Ce n’est qu’au sein d’une nation malheureuse et opprimée, ce n’est qu’en Pologne qu’a pu se produire ce fait étrange : un grand poète adoré du public, qui, pendant toute sa vie, a dû se soustraire aux ovations et cacher obstinément sa gloire sous le voile de l’anonyme. Telle fut la destinée du comte Sigismond Krasinski, mort en 1859, à l’âge de quarante-sept ans, et que la France n’a connu longtemps que comme le poète anonyme de la Pologne. Ses œuvres poétiques, empreintes du plus ardent patriotisme, imprimées successivement à Paris par les soins d’un ami dévoué, avec des précautions de mystère inouïes, ont eu chacune trois ou quatre éditions, car elles se répandaient en secret dans toutes les parties de l’ancienne Pologne, où on les lisait, relisait et apprenait par cœur, en y puisant la consolation et le courage[1].

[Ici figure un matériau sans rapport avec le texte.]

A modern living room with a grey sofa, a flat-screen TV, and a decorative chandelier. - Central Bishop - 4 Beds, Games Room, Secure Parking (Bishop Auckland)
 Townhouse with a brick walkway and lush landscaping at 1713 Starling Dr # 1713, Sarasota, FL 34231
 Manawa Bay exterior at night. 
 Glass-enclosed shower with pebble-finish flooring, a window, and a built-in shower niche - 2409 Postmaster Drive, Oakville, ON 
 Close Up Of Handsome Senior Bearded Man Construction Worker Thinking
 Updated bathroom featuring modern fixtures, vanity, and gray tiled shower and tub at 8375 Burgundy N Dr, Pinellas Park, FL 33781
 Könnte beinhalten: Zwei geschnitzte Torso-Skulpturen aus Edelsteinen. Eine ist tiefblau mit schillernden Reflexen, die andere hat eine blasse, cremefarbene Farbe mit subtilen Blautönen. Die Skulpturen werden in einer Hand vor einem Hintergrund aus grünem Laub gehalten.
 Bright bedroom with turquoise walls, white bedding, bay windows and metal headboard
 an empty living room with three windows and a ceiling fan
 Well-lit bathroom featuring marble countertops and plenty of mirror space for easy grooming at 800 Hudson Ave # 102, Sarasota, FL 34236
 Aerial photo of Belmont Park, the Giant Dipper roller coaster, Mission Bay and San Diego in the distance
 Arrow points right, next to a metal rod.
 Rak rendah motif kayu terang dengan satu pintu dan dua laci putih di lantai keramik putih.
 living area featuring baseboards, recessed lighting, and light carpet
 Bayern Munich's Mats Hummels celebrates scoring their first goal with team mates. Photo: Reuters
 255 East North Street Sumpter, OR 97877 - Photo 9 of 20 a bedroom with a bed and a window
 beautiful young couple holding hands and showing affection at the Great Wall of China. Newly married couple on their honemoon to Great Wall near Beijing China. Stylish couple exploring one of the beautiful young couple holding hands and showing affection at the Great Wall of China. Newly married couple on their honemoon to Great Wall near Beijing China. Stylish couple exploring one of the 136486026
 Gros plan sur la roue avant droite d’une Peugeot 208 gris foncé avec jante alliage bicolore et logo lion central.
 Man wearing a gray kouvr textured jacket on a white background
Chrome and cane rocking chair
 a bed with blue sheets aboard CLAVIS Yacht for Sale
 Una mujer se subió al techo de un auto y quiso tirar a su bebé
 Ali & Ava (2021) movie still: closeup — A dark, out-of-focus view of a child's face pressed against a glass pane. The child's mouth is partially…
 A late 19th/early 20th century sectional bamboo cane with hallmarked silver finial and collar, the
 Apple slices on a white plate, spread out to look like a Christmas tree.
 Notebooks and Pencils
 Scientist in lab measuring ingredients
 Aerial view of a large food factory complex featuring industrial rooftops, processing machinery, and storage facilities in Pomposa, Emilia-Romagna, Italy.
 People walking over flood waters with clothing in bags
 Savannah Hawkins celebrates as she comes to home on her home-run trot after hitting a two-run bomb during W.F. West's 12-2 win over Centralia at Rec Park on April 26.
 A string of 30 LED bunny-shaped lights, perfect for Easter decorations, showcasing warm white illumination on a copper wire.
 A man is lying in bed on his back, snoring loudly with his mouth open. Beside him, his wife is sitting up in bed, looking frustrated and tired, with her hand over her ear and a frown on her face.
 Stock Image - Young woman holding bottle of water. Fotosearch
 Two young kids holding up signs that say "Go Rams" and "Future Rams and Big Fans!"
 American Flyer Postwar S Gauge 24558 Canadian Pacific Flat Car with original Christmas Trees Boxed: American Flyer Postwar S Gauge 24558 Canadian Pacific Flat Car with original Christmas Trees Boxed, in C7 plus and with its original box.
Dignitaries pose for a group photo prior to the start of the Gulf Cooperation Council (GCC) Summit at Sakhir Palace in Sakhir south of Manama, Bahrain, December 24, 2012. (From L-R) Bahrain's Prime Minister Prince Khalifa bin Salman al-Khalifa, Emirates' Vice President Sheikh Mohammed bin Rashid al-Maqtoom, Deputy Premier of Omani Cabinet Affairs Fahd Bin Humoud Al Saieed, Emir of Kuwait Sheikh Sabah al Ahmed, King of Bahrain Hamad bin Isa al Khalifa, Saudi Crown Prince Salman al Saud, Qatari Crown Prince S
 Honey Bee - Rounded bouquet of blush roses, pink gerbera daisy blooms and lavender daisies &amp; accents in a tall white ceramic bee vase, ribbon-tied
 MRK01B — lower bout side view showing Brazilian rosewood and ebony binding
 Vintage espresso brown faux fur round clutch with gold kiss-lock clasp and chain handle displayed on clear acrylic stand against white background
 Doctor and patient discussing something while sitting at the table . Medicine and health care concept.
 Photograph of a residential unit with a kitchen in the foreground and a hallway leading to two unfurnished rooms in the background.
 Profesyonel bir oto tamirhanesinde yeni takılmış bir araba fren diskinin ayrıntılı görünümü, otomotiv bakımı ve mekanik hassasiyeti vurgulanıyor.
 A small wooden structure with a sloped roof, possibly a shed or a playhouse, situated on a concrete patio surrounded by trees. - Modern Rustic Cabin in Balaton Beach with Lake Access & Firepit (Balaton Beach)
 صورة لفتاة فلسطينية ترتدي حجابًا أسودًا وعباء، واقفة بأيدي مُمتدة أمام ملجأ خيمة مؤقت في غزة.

Le pays enthousiaste prononçait à voix basse le nom de l’auteur bien-aimé. Quant à lui, il niait partout et toujours en se défendant de cette paternité avec une énergique obstination. Sauf deux ou trois amis intimes, il n’osait se fier à personne. Lorsque quelque étourdi lui parlait d’un de ses ouvrages, il feignait de ne le pas connaître, il priait son interlocuteur de lui en procurer la lecture, et en rendant le volume, critiquait amèrement ce prétendu chef-d’œuvre. Avec des gens qui lui semblaient suspects, Krasinski allait plus loin : il soutenait n’avoir jamais rien écrit, ajoutant qu’il ne pouvait lire deux vers sans bâiller et qu’il avait horreur de toute production poétique, et il entamait tout aussitôt une longue dissertation sur quelque sujet tout à fait étranger à la poésie.

  1. Une dame polonaise séjournant à Paris en 1843, à l’époque où parut le poème de Krasinski intitulé Avant l’Aurore, n’osait pas (à cause de rigoureuses visites à la frontière) emporter avec elle ce petit volume prohibé ; elle fit apprendre par cœur à sa fille les six cents vers du poème, afin de pouvoir, en arrivant en Pologne, les mettre par écrit.